It's hard for me to say. I knew. One of the goals I had was I wanted 1199 to be known as the Bread and Roses union. Because I knew from a p.r. point of view that that phrase was so powerful, and so good, and so sweet, and so non-threatening, for a union to be identified with a slogan like that, that you could gain a lot from it. Now to be successful, it had to be able to reach a lot of people. Now, we were very careful of where we brought the show. If we had an election scheduled at Daughters of Jacob, for the nurses, we made sure that the show came up there before that election. I remember in the Voice, the Voice did a long feature by Rachel Cowan on Bread and Roses. It was very very good. It's reproduced in the first special report -- we reproduced a lot of the p.r. thing. She quotes an organizer saying that it helped us win the election there. So I was aware of it, organizers would come to me and say, “Look, we have this thing happening.”

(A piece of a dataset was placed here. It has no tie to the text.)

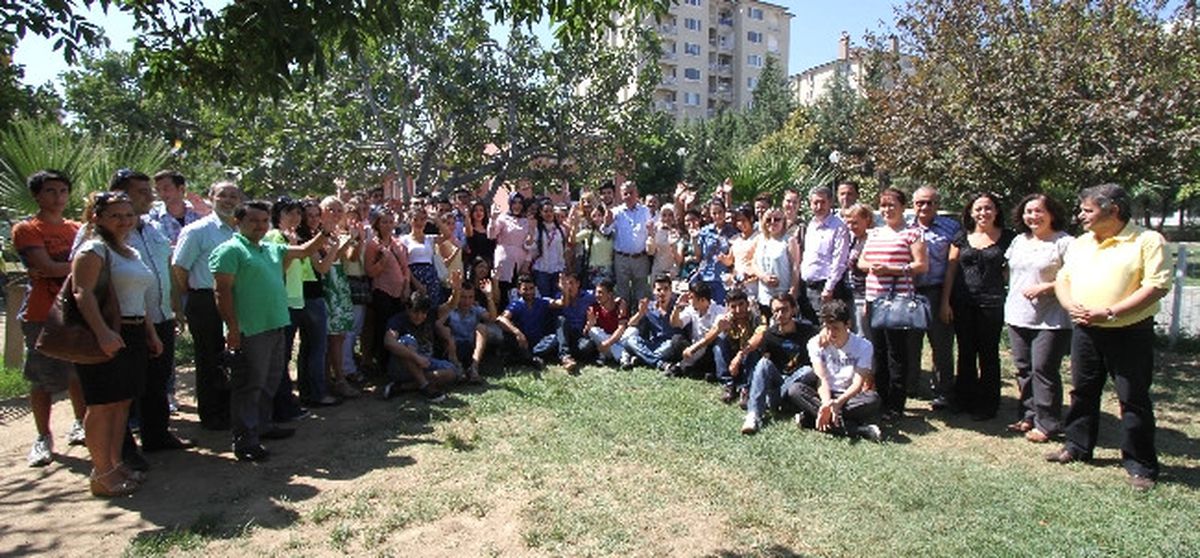 Başkan Şenol Üniversiteye Girmeye Hak Kazanan Öğrencilerle Bir Araya Geldi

See, part of the problem was that I always had this feeling -- it was more than a feeling -- that Doris regarded Bread and Roses as a threat to her. That Bread and Roses was a threat to her because it came at a period where there was beginning to be talk of the succession. I'm sure she felt that I was using Bread and Roses as a way to build myself as a potential successor to Davis. The p.r. thing, because Bread and Roses was getting so much p.r. that I became identified with the union every place. You know, “Mr. Bread and Roses,” that kind of thing. “This is Bread and Roses.” I would be introduced at the delegate assembly. “What do you think he's going to talk on?” Bread and Roses. “Update, tell us what's going to happen on Bread and Roses.” That kind of thing. I think I made the point last time that it was like a torrent. It could run over people -- you couldn't stop it. It just went on by its own momentum because it was good, and because there were members there wanted it, and there was enough pushing for it, to put it through.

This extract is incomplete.